Recorded data:
╭──

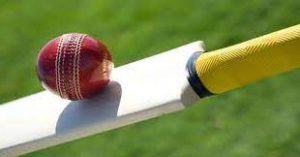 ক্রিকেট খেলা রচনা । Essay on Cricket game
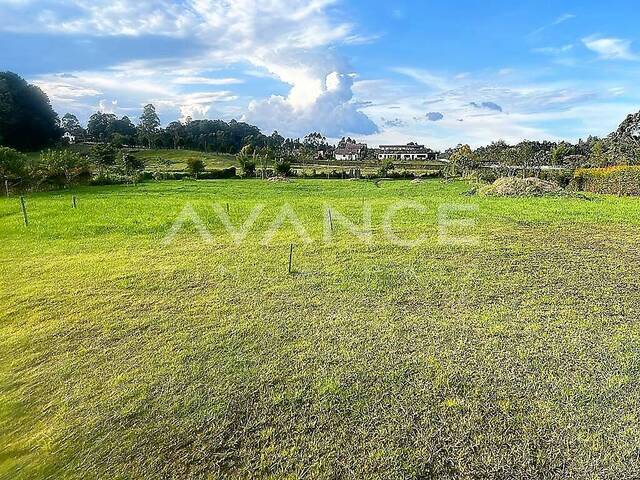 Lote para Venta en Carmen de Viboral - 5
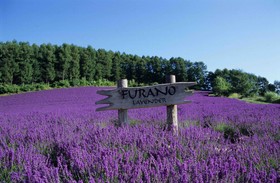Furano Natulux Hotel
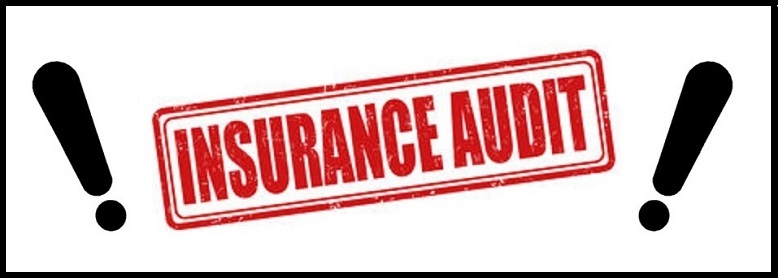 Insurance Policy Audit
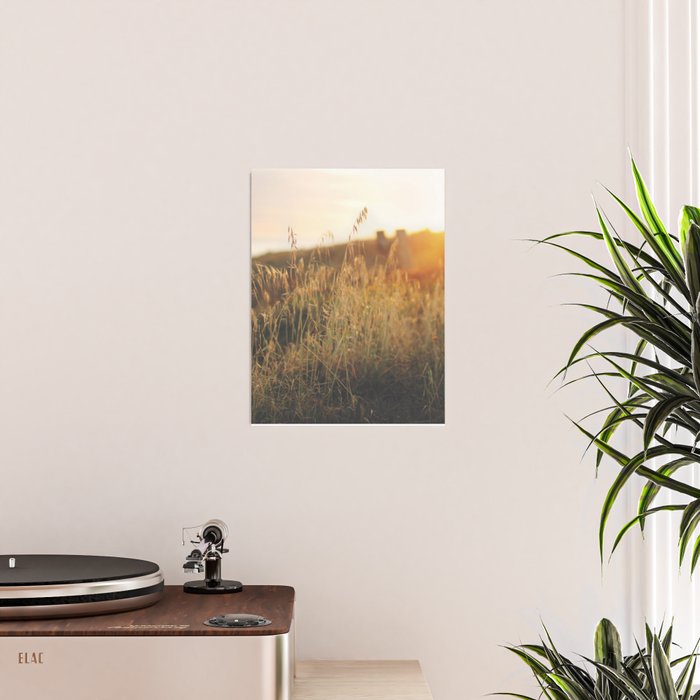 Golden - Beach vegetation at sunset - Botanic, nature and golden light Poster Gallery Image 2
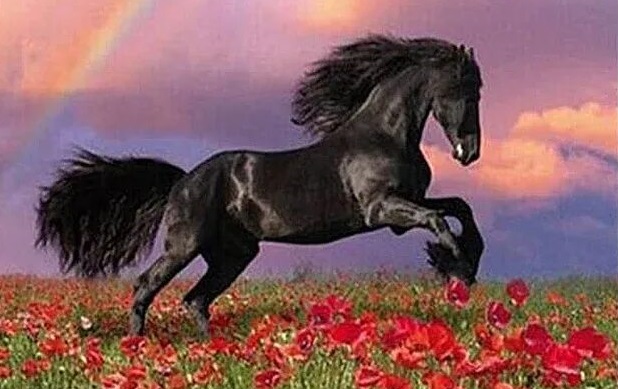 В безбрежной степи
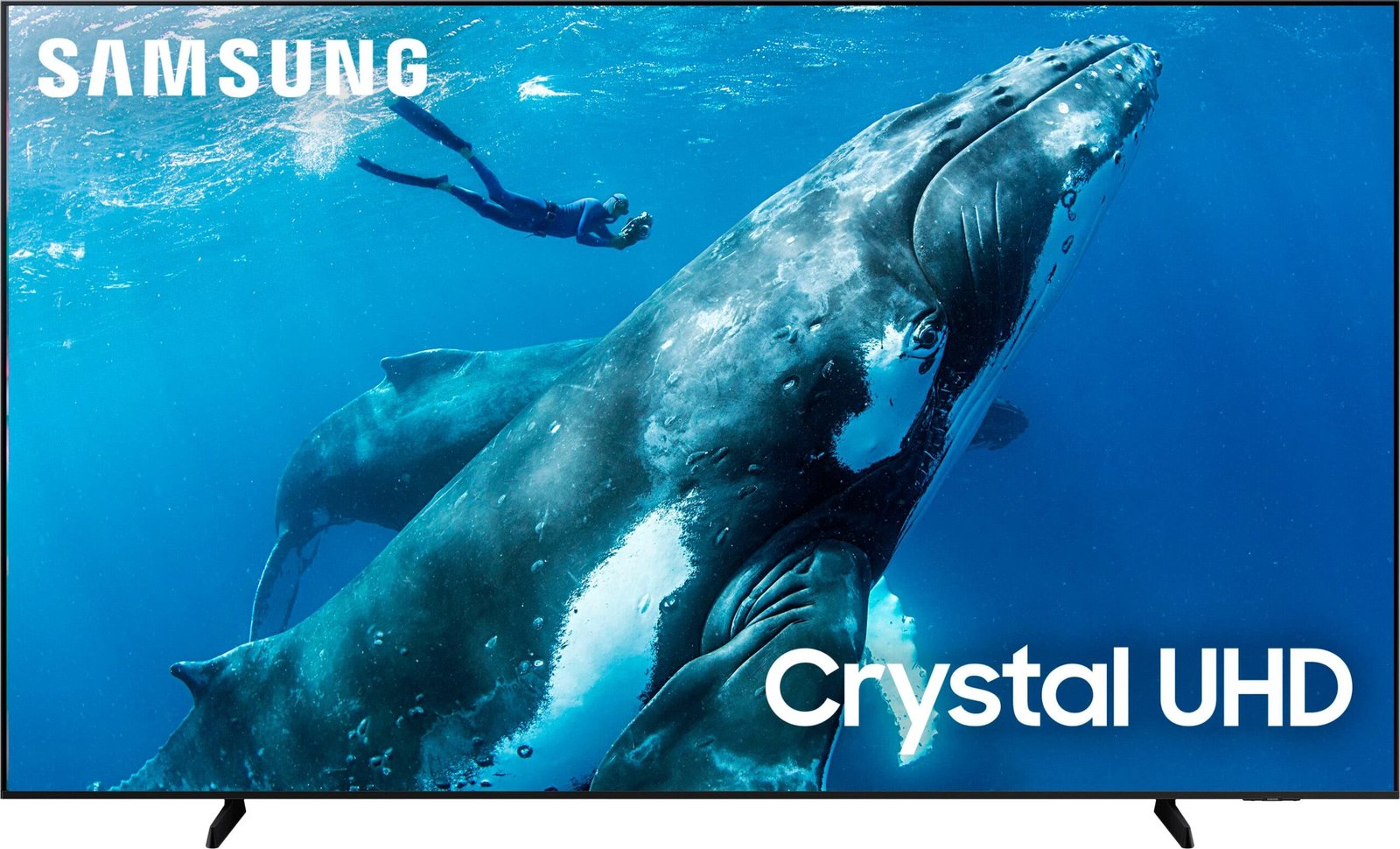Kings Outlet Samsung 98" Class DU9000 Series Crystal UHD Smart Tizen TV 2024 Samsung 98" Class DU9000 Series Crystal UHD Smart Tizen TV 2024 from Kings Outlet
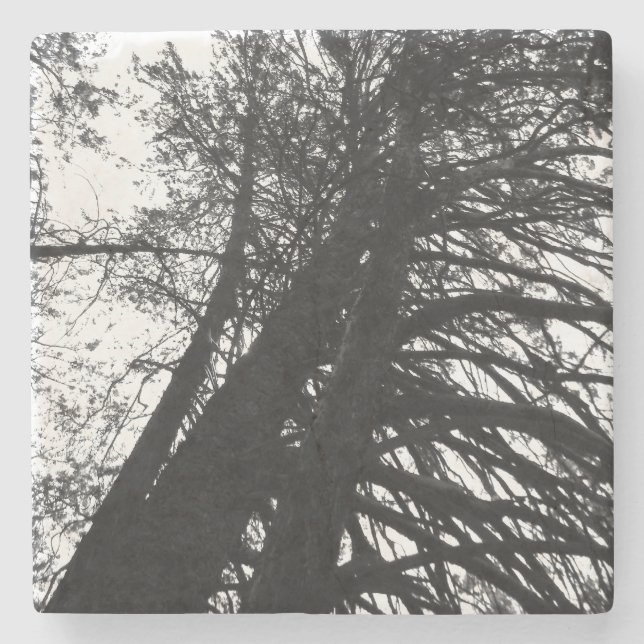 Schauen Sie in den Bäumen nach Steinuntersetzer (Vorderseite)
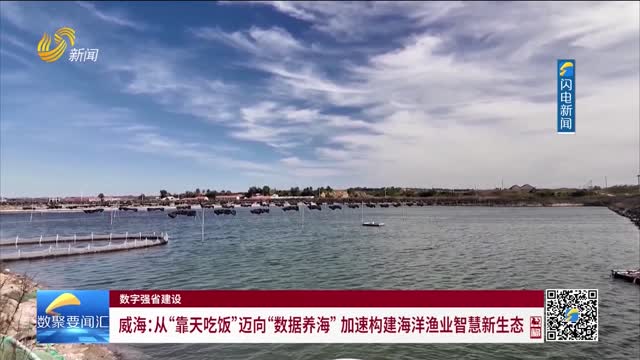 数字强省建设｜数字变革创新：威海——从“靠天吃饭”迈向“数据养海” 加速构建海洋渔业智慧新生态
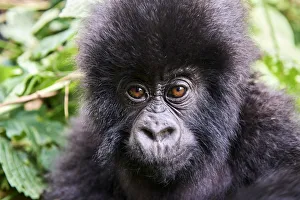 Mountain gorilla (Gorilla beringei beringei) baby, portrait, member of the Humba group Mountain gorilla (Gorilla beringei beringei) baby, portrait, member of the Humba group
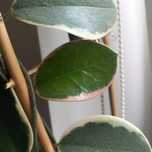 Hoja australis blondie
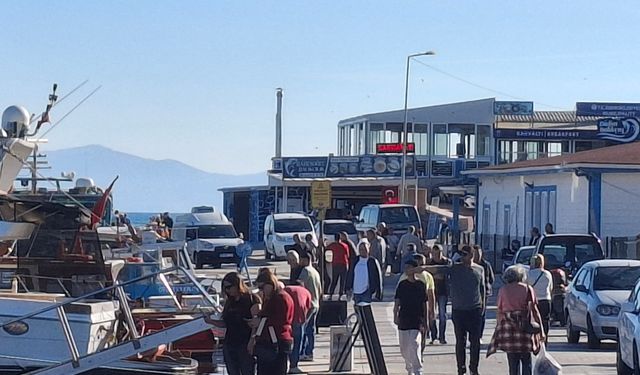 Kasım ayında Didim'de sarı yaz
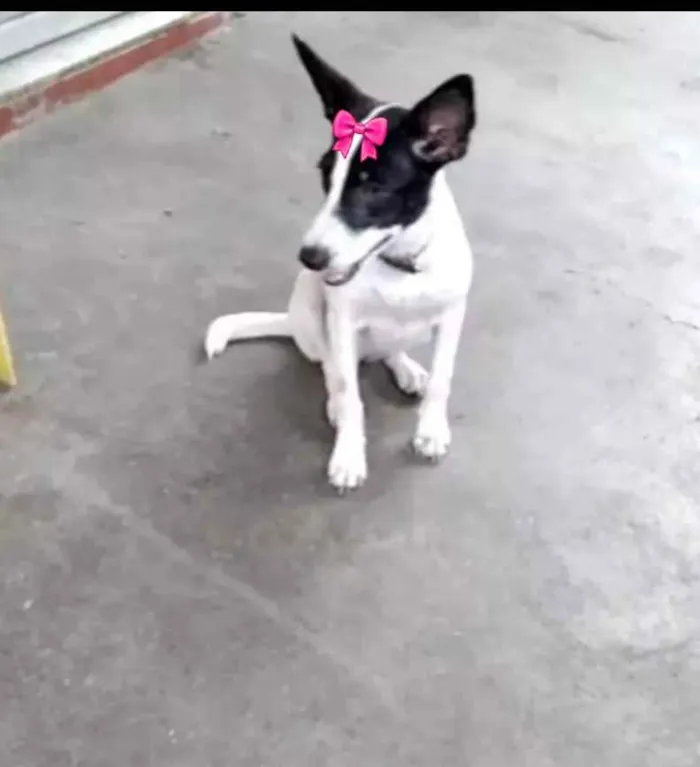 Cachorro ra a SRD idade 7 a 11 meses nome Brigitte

╰──

**Your objective:**
Take the line containing "Insurance Policy Audit" and all lines after it to the end of the data above, and reproduce them exactly, leaving out pictures. Nothing else belongs in the copy.

**Result for this exercise:**
 Insurance Policy Audit
 Golden - Beach vegetation at sunset - Botanic, nature and golden light Poster Gallery Image 2
 В безбрежной степи
Kings Outlet Samsung 98" Class DU9000 Series Crystal UHD Smart Tizen TV 2024 Samsung 98" Class DU9000 Series Crystal UHD Smart Tizen TV 2024 from Kings Outlet
 Schauen Sie in den Bäumen nach Steinuntersetzer (Vorderseite)
 数字强省建设｜数字变革创新：威海——从“靠天吃饭”迈向“数据养海” 加速构建海洋渔业智慧新生态
 Mountain gorilla (Gorilla beringei beringei) baby, portrait, member of the Humba group Mountain gorilla (Gorilla beringei beringei) baby, portrait, member of the Humba group
 Hoja australis blondie
 Kasım ayında Didim'de sarı yaz
 Cachorro ra a SRD idade 7 a 11 meses nome Brigitte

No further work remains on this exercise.